[[ MATERIAL SUPPLIED, beginning ]]

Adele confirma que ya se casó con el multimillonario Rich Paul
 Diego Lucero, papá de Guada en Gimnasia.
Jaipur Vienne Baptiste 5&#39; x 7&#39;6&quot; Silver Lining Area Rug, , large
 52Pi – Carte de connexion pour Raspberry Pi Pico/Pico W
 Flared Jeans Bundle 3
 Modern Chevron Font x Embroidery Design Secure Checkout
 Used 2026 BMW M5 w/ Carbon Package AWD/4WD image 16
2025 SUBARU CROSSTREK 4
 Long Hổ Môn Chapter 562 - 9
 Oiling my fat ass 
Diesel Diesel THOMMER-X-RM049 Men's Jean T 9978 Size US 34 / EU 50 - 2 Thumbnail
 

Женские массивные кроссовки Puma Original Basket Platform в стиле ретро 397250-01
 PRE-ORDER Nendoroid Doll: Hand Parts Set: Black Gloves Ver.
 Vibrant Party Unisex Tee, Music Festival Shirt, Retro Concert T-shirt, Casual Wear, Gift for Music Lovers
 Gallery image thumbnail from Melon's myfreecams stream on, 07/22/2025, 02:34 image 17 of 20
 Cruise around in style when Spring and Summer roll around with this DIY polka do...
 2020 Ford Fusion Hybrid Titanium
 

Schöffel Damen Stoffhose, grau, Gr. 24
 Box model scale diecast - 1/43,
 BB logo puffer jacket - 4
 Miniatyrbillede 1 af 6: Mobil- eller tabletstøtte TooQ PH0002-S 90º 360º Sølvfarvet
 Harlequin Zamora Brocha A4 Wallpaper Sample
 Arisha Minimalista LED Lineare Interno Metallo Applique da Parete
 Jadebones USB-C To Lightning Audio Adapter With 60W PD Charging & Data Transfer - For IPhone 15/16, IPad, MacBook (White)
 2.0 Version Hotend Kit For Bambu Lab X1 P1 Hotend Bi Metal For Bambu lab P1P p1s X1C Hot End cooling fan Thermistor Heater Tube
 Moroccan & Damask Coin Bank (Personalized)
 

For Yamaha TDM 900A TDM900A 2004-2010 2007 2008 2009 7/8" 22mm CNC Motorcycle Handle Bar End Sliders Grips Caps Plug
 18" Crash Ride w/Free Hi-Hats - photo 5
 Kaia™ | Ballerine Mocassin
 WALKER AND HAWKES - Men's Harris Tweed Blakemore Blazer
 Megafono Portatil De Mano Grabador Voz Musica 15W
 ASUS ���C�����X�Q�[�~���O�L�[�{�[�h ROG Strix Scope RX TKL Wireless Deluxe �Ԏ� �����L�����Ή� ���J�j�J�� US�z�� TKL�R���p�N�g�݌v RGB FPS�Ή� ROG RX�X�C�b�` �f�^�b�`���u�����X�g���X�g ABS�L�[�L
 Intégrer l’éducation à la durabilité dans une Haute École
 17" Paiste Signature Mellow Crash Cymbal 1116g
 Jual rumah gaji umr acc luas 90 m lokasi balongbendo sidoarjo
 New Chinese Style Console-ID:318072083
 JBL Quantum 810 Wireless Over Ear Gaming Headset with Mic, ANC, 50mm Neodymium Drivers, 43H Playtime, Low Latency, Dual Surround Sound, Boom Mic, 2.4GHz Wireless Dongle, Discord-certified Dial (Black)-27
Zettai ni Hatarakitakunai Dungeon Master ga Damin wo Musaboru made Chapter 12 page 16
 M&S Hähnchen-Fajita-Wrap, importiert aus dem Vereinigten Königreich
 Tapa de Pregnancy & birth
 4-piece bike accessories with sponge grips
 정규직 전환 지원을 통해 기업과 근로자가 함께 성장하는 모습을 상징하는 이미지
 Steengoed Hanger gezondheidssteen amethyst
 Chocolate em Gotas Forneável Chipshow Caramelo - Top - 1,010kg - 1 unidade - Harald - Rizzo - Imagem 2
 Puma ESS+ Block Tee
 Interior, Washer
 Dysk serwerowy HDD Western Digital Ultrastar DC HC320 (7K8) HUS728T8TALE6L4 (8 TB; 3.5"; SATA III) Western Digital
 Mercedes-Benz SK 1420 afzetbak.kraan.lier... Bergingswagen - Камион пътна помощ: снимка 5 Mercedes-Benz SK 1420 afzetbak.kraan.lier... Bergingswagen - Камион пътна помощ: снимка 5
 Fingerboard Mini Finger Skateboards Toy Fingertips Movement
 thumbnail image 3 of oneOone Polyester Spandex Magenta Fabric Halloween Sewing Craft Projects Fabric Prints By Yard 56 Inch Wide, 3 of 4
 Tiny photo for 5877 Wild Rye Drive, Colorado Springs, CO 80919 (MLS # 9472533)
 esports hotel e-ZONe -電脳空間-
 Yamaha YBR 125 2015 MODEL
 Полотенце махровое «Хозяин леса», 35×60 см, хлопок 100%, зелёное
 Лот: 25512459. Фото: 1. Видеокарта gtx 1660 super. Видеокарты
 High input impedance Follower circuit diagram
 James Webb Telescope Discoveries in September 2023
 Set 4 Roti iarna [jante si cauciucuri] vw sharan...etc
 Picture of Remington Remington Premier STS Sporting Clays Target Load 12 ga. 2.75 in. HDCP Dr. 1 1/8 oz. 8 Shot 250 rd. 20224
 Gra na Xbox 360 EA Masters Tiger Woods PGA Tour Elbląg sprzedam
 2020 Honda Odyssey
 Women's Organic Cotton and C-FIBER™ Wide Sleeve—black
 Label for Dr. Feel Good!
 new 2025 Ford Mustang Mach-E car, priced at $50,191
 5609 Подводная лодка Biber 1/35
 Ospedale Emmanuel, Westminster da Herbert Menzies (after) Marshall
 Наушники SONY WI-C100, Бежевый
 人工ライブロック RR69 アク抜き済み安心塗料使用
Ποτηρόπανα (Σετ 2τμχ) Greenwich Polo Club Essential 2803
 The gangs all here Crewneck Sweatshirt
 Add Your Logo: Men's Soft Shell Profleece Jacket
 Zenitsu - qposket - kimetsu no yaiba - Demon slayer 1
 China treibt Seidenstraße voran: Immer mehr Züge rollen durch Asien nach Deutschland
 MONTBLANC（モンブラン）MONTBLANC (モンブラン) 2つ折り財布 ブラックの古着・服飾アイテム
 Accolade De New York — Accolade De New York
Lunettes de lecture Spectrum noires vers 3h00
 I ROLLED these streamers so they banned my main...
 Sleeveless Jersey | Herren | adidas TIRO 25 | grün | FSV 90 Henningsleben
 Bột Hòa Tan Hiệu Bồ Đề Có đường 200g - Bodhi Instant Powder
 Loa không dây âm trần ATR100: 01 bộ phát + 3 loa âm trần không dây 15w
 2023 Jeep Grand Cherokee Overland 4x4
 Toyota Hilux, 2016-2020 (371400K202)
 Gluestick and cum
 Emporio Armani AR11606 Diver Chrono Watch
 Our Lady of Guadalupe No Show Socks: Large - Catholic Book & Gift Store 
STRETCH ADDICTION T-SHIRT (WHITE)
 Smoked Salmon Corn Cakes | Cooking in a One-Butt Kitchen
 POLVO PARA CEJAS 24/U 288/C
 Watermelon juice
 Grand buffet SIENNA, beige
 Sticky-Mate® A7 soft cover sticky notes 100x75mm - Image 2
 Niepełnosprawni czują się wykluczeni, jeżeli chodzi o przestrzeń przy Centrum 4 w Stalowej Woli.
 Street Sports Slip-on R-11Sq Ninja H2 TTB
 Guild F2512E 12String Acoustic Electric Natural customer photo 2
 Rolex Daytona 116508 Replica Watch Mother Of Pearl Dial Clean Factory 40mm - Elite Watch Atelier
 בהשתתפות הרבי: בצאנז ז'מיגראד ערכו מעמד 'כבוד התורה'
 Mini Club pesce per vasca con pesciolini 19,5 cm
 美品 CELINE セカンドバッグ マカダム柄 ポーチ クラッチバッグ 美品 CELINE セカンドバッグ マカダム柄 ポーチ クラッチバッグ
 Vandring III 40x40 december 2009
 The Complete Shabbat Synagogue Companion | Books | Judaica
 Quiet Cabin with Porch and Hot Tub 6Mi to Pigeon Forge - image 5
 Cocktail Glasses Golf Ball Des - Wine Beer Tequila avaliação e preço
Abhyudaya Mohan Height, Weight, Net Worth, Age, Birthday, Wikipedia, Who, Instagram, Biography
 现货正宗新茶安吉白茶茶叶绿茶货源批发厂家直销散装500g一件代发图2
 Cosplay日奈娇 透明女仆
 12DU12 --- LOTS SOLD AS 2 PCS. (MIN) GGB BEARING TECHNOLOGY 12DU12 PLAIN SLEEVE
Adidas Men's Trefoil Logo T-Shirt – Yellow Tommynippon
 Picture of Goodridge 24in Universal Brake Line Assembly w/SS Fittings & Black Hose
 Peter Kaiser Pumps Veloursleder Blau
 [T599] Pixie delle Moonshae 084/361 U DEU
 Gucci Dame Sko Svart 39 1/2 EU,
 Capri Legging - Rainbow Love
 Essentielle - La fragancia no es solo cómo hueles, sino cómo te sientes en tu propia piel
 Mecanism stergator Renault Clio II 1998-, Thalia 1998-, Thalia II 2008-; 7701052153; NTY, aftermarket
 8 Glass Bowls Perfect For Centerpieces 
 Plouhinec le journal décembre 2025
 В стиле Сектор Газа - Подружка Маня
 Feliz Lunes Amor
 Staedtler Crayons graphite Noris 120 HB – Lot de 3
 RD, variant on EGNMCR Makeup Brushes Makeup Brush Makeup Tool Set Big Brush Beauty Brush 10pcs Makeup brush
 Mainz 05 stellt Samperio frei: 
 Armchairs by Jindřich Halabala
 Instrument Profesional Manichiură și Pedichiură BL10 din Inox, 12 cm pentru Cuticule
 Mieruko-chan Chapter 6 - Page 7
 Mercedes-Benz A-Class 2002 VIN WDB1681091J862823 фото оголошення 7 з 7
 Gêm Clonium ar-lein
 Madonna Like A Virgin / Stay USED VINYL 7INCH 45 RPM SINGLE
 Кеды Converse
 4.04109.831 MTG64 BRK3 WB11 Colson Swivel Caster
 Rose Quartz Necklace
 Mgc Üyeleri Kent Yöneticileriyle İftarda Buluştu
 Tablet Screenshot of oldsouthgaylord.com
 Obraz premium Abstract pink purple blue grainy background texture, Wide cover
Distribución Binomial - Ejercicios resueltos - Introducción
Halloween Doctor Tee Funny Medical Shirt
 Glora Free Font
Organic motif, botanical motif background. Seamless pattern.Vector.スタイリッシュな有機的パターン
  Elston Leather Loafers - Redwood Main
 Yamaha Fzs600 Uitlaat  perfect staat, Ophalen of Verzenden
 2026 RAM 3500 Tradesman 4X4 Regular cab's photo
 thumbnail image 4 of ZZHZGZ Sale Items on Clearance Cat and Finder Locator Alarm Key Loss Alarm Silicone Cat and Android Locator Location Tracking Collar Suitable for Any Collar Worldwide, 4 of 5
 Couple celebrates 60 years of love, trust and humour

[[ MATERIAL SUPPLIED, end ]]

*TASK OBJECTIVE*: Retype the records above, but only those lines that fall between the line containing "STRETCH ADDICTION T-SHIRT (WHITE)" and the line containing "Street Sports Slip-on R-11Sq Ninja H2 TTB", with both of those lines included, exactly as written.

*RESULT OF THE TASK*:
STRETCH ADDICTION T-SHIRT (WHITE)
 Smoked Salmon Corn Cakes | Cooking in a One-Butt Kitchen
 POLVO PARA CEJAS 24/U 288/C
 Watermelon juice
 Grand buffet SIENNA, beige
 Sticky-Mate® A7 soft cover sticky notes 100x75mm - Image 2
 Niepełnosprawni czują się wykluczeni, jeżeli chodzi o przestrzeń przy Centrum 4 w Stalowej Woli.
 Street Sports Slip-on R-11Sq Ninja H2 TTB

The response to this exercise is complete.